• [Task prompt]
Write out the listing from the line with "Local Farmers' Market - Mittersill" to the line with "被妈妈拒绝手术,我死在生日当天", both lines included, exactly and nothing beyond. Leave pictures out.

• [Dataset records]
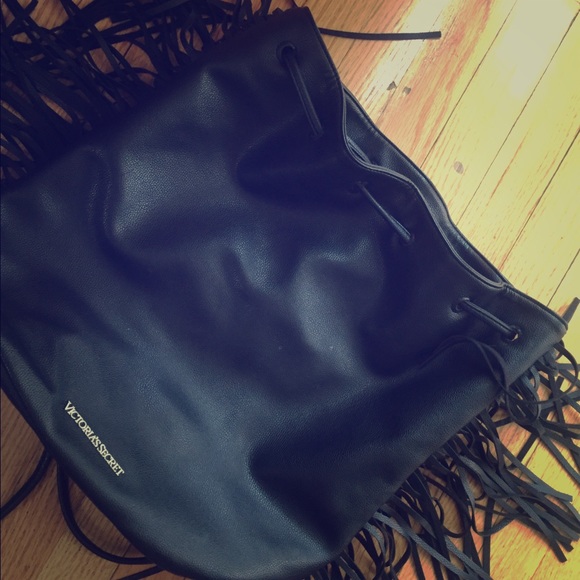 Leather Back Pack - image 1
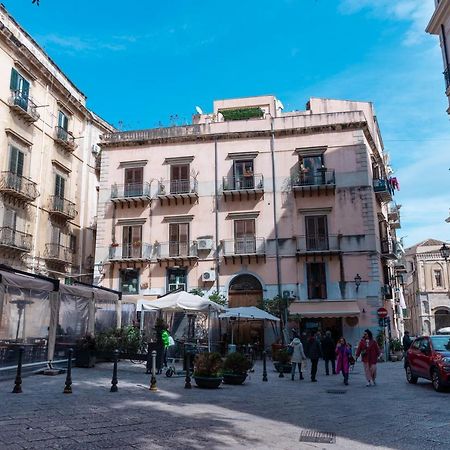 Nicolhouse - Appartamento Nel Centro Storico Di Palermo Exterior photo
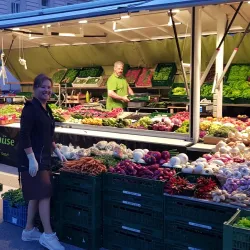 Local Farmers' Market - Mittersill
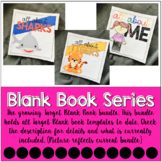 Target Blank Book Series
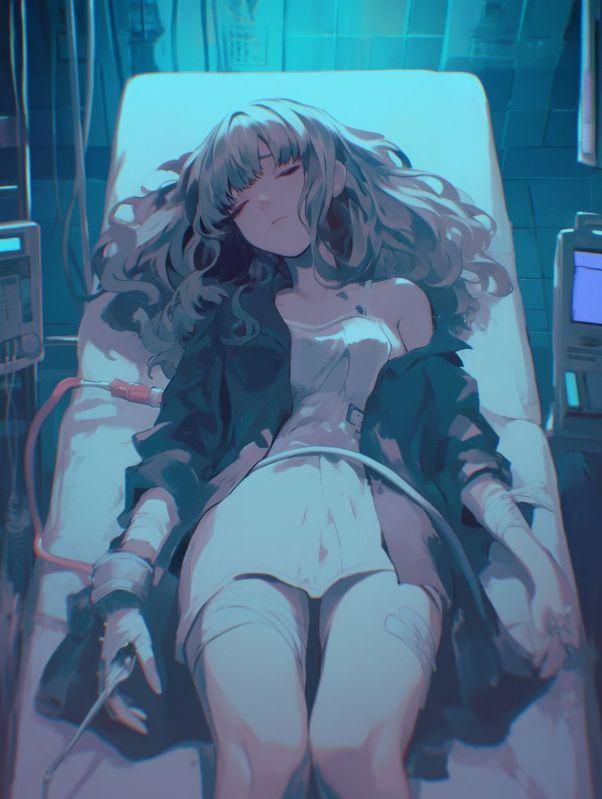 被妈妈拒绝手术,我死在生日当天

--

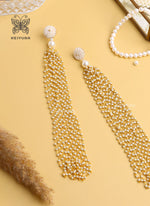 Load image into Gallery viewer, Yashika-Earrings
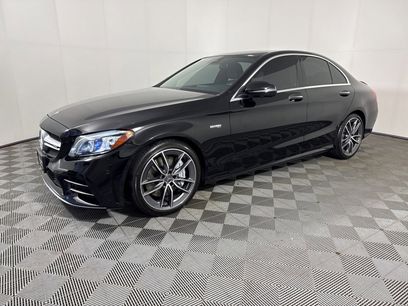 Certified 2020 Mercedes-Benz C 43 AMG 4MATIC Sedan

---

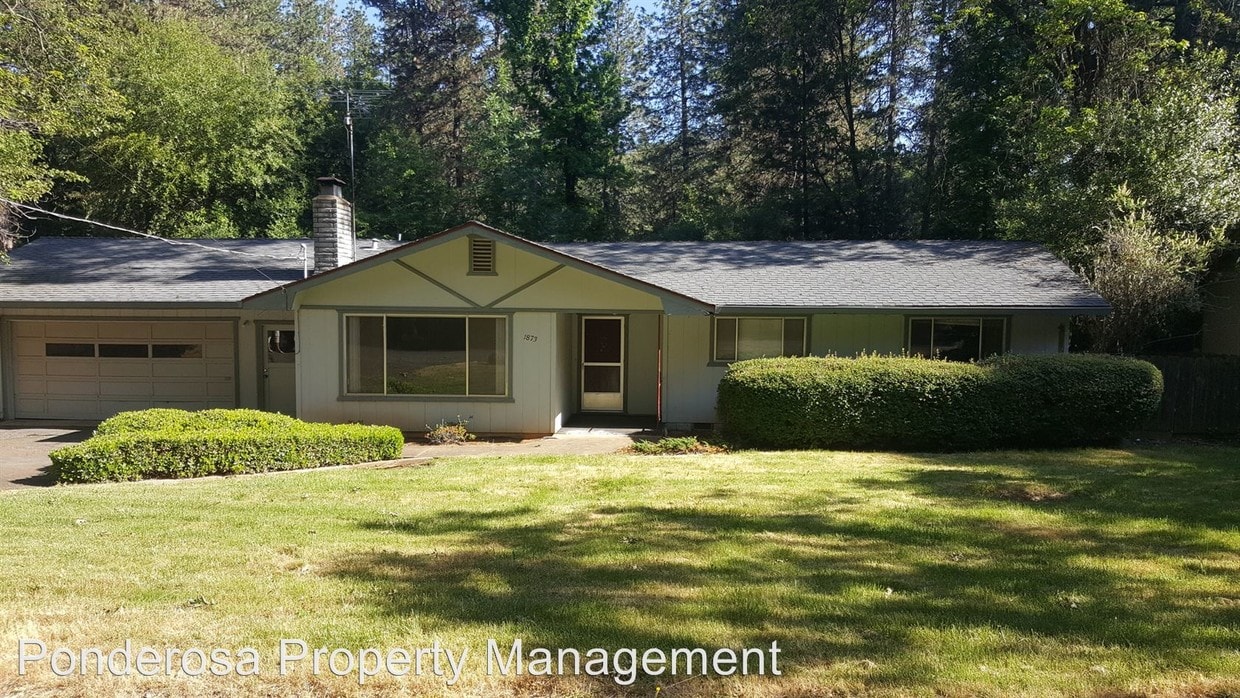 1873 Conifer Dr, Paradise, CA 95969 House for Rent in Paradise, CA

• [Final answer]
 Local Farmers' Market - Mittersill
 Target Blank Book Series
 被妈妈拒绝手术,我死在生日当天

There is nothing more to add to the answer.